Mastering the Pain

By JG

Feeling everything so deeply
Can be a gift and a curse
My happiness is true bliss
Everything just works
Suddenly, joy is replaced with pain
Clear skies fill up with rain
I try to hold on
But can’t seem to maintain
My skies darken
Turmoil sets in
Damn
Never knew the mind could be like a wilderness one could be lost in
Lost many battles
Acting on impulse
Reacting with uncontrolled emotion
Never pausing to consider a reasonable course
I’ve felt the fire countless times
Intensified by a prison cell
12 by 9
A victim stance was my position
Playing the blame game
Meanwhile, in reality
My condition remained the same
Most my lessons come the hard way
But were received nonetheless
My understanding is that much greater
I feel truly blessed
Being a thought of Allah made manifest
I consciously create
Striving every day to be the captain of this ship
The true master of my fate
The war is far from won
But my book is far from done
I have nothing to lose
But everything to gain
These first few chapters have been spent
Mastering the pain
Learning how to love
Breaking my mental chains
Rising above
This next section will be marked by liberty
I’ll be free to pursue the queen that my heart desires
She’ll be free to embrace our chemistry
Won’t need a power of attorney
I can handle my affairs myself
I can eat life giving foods
That actually replenish my health
No more limitations
Everything is possible
With discipline, persistence, patience
I overcome all obstacles

I Forgot Who I Was

By HW

I woke up one day feeling powerless & caged.
I felt lost and afraid, it was freedom I craved!

I felt like no one loved me & I was all alone.
I felt young & lost, but I’m fully grown.

Beat down by life & my own mind.
I let myself down and I started to drown.

I could not see tomorrow
& felt like I could barely get through the day.
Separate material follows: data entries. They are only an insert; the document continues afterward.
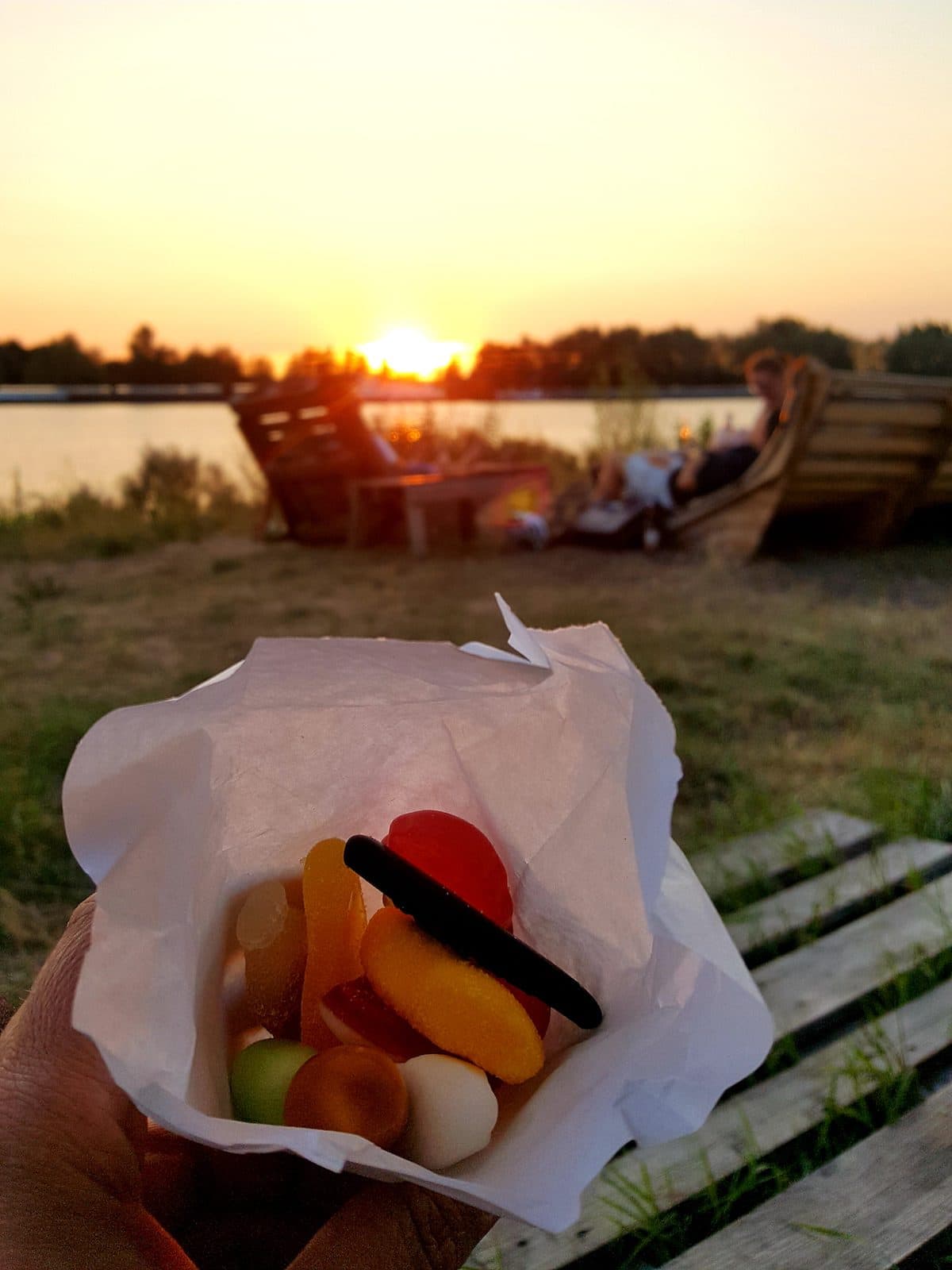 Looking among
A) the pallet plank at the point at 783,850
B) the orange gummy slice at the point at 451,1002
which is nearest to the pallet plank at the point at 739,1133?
the pallet plank at the point at 783,850

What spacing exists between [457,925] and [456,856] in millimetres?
100

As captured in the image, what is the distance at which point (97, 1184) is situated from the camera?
2.06 feet

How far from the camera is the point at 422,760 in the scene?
3.08 ft

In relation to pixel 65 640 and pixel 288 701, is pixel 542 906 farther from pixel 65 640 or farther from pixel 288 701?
pixel 65 640

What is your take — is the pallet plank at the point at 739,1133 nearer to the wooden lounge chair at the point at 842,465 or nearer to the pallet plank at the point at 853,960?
the pallet plank at the point at 853,960

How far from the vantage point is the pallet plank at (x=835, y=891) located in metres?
1.80

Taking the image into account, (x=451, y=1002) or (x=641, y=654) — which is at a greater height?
(x=451, y=1002)

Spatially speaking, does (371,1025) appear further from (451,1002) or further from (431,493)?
(431,493)

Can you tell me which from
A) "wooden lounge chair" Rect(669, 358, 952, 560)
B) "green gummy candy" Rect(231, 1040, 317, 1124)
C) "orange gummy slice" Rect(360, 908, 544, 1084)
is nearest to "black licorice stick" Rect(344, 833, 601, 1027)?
"orange gummy slice" Rect(360, 908, 544, 1084)

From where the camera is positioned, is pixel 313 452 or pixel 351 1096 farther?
pixel 313 452

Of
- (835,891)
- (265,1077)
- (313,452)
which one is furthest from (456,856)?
(313,452)

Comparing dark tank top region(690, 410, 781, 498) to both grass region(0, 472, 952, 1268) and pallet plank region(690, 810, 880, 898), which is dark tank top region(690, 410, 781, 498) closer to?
grass region(0, 472, 952, 1268)

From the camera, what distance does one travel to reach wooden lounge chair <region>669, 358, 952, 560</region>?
17.0 feet

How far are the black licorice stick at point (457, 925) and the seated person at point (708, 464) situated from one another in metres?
Answer: 5.61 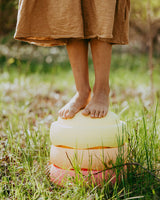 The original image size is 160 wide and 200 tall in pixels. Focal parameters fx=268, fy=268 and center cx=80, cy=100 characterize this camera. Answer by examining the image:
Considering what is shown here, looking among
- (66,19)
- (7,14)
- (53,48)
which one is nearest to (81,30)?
(66,19)

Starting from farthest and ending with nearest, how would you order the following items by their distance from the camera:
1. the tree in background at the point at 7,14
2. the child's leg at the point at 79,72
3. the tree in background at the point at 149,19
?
the tree in background at the point at 7,14
the tree in background at the point at 149,19
the child's leg at the point at 79,72

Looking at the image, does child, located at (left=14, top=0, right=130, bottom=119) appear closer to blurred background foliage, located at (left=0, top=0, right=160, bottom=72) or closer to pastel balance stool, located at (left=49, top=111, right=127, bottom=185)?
pastel balance stool, located at (left=49, top=111, right=127, bottom=185)

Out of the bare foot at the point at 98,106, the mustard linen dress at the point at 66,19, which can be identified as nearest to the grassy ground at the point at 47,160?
the bare foot at the point at 98,106

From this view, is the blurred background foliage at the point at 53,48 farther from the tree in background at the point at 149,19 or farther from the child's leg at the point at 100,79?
the child's leg at the point at 100,79

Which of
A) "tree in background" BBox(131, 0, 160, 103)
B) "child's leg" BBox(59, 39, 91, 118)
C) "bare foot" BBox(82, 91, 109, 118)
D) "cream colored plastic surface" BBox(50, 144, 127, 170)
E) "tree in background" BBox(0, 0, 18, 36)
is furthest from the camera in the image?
"tree in background" BBox(0, 0, 18, 36)

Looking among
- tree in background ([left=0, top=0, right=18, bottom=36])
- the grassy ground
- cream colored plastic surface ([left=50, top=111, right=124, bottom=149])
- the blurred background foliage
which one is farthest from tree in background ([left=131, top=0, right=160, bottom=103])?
tree in background ([left=0, top=0, right=18, bottom=36])

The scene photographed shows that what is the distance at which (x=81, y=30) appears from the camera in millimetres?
1678

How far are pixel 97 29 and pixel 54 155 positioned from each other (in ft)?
2.81

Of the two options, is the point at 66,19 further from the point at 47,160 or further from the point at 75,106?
the point at 47,160

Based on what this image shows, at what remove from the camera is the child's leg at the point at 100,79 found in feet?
5.73

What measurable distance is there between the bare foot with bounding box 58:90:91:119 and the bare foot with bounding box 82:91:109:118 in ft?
0.23

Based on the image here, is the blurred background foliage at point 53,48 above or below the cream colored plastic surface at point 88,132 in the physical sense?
above

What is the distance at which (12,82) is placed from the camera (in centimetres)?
468

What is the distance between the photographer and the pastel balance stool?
1630 millimetres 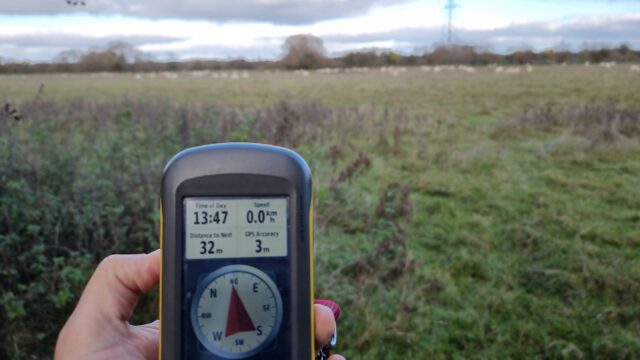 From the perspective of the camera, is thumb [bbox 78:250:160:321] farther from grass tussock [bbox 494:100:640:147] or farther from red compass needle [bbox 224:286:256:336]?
grass tussock [bbox 494:100:640:147]

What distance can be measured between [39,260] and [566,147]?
17.9ft

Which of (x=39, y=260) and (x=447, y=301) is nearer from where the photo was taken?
(x=39, y=260)

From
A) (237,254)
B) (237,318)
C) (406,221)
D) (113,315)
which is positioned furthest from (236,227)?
(406,221)

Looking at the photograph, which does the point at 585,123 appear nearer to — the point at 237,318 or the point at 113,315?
the point at 237,318

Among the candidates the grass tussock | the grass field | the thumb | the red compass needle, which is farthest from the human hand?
the grass tussock

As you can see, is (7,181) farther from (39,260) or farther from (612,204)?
(612,204)

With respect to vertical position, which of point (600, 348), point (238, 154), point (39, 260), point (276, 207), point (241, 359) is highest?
point (238, 154)

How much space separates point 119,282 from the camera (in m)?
1.19

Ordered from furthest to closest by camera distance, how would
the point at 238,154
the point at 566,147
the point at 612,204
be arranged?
the point at 566,147
the point at 612,204
the point at 238,154

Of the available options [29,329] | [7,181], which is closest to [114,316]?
[29,329]

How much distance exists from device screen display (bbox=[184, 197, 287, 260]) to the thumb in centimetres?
10

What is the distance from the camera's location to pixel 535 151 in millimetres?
6410

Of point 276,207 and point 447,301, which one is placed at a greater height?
point 276,207

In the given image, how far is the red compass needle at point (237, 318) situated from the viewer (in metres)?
1.15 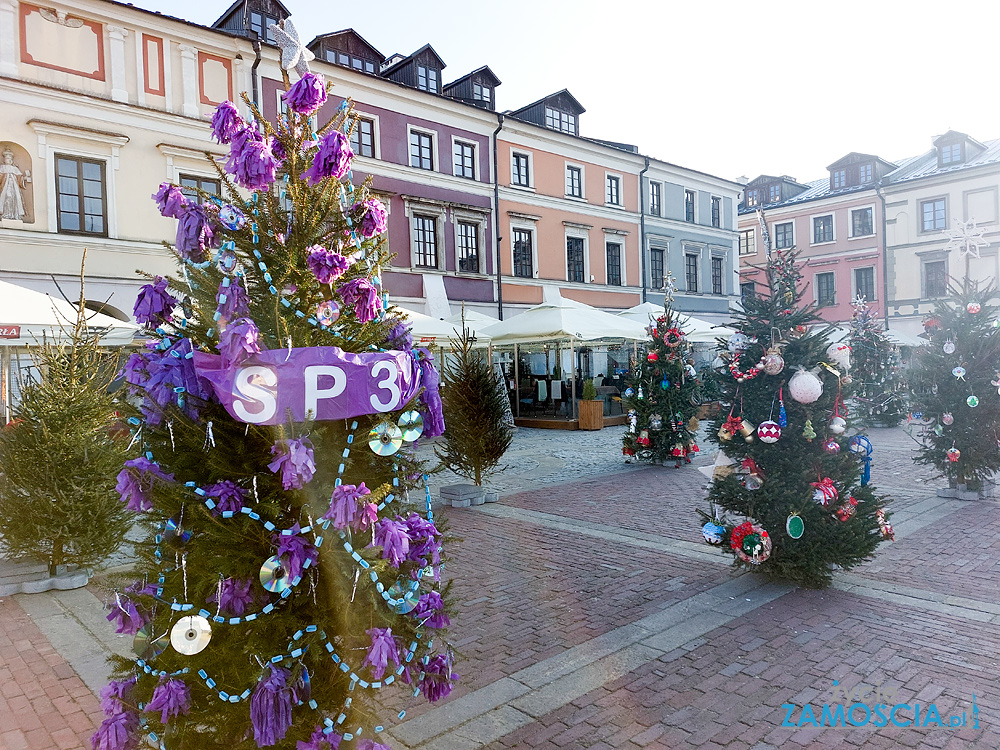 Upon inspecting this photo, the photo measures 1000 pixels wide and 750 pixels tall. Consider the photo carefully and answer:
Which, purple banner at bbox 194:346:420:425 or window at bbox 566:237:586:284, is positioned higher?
window at bbox 566:237:586:284

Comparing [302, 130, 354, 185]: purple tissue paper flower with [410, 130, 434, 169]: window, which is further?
[410, 130, 434, 169]: window

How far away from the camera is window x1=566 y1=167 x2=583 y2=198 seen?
27641 mm

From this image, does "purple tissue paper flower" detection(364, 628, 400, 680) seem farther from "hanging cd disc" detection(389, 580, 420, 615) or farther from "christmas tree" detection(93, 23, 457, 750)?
"hanging cd disc" detection(389, 580, 420, 615)

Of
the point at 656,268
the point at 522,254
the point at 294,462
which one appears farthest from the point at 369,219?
the point at 656,268

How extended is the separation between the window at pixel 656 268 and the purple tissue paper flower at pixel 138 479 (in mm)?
29207

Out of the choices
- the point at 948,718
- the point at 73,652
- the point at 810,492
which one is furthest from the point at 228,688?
the point at 810,492

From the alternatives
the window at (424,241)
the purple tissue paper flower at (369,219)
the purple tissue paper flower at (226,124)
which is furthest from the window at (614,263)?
the purple tissue paper flower at (226,124)

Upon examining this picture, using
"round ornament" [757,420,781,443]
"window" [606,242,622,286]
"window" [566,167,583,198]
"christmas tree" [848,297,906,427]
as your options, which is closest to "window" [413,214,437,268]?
"window" [566,167,583,198]

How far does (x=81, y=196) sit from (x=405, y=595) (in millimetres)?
17273

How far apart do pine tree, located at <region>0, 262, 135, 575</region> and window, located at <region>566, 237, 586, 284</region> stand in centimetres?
2254

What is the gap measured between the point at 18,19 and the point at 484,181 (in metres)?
13.7

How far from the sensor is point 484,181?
2464 centimetres

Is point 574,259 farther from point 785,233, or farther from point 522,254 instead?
point 785,233

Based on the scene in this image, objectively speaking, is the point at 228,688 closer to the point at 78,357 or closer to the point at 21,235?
the point at 78,357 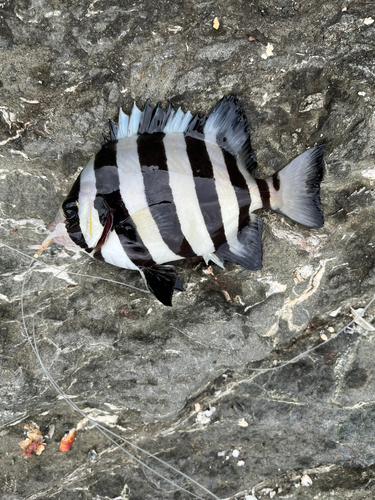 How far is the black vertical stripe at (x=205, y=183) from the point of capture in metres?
1.89

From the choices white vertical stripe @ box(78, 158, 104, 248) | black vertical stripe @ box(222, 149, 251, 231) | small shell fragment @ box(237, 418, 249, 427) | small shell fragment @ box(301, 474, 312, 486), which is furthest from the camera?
small shell fragment @ box(301, 474, 312, 486)

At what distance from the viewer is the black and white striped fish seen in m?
1.85

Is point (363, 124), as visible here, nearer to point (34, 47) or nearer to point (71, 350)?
point (34, 47)

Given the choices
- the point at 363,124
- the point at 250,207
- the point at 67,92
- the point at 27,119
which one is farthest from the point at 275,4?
the point at 27,119

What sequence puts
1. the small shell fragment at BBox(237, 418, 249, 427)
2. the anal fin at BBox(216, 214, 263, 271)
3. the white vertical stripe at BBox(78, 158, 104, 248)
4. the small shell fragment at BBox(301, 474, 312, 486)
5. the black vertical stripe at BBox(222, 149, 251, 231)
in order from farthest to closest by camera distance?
the small shell fragment at BBox(301, 474, 312, 486)
the small shell fragment at BBox(237, 418, 249, 427)
the anal fin at BBox(216, 214, 263, 271)
the black vertical stripe at BBox(222, 149, 251, 231)
the white vertical stripe at BBox(78, 158, 104, 248)

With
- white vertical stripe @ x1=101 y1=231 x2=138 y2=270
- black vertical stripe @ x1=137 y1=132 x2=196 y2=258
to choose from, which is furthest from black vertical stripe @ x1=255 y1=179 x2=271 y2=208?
white vertical stripe @ x1=101 y1=231 x2=138 y2=270

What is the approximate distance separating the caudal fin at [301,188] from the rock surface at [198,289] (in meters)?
0.14

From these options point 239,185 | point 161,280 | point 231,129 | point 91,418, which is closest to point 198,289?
point 161,280

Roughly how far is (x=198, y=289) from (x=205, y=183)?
25.3 inches

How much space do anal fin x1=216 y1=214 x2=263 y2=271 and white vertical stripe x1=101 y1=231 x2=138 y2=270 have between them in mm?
480

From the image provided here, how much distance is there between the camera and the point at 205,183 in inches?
74.5

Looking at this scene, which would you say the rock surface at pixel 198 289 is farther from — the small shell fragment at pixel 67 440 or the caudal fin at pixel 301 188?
the caudal fin at pixel 301 188

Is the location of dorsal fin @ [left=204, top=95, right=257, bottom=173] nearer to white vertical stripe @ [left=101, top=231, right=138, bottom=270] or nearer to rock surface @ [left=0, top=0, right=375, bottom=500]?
rock surface @ [left=0, top=0, right=375, bottom=500]

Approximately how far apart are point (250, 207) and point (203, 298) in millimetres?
586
I don’t know who I am anymore,
like my memory started to fade.

Deep down inside I know I used to be strong,
then I remember that I have been strong all along.

I might have slipped,
I might have fell.

I have to stand up,
I have to prevail.

I must be fearless,
I must be strong.

It’s a mental battle
and I’ll make it home!

Jail Bird

By AB

A bird once flew over a prison and sat on the bars of a window sill
The prisoner fed the bird crackers and the bird ate to his fill
The prisoner put water in a top for the bird to wet his beak
The prisoner done a good deed before he went to sleep

The bird didn’t leave–
He became a jail bird that didn’t know he was free

What I Don’t Say

By AB

When I say freedom
You hear closing cell doors
When you say freedom
I hear soft cries

What I can’t say is peace of mind
What I mean is sanity

When you say peace
Do you mean paradise?

What I wish I’d told you is be patient
What I want you to know is hope exist

John My Friend

By DK

Today was a bittersweet occasion,
Helped me for a moment to reduce my constant raging.
John, you are now free…at home…at last,
This past year, gone, it escaped us so fast.
I know you left a truly changed man,
I watched you every day…making your reentry plans.
I already miss you and the jokes that we played,
Hopefully once I’m released, we’ll catch up…one of these days.
We butted heads, and fussed sometimes; I caused you a bit of tribulation,
As you left I heard as you said ‘goodbye & take care’…true jubilation.
When you left me here today, I regret that I left so much unspoken,
You are such a great friend, a mentor, I’m kind of heartbroken.
It’s rare to find a true friend like you in a place like this,
D*mn it John, you’re one friend I will surely miss.
So by the time you read this, you’ll be settled, back on your feet,
And the stigma you’ll face, well it’s something I know you can beat.
You’re highly educated…A Penn State grad,
So many qualities you shared, reminds me of my dad.
So I know I will surely hear from you soon,
As corny as it sounds, I’ll think of you each time I look at the moon.
So John, I love you my dear friend, but please don’t return,
Because this freedom you were granted, is something you definitely earned.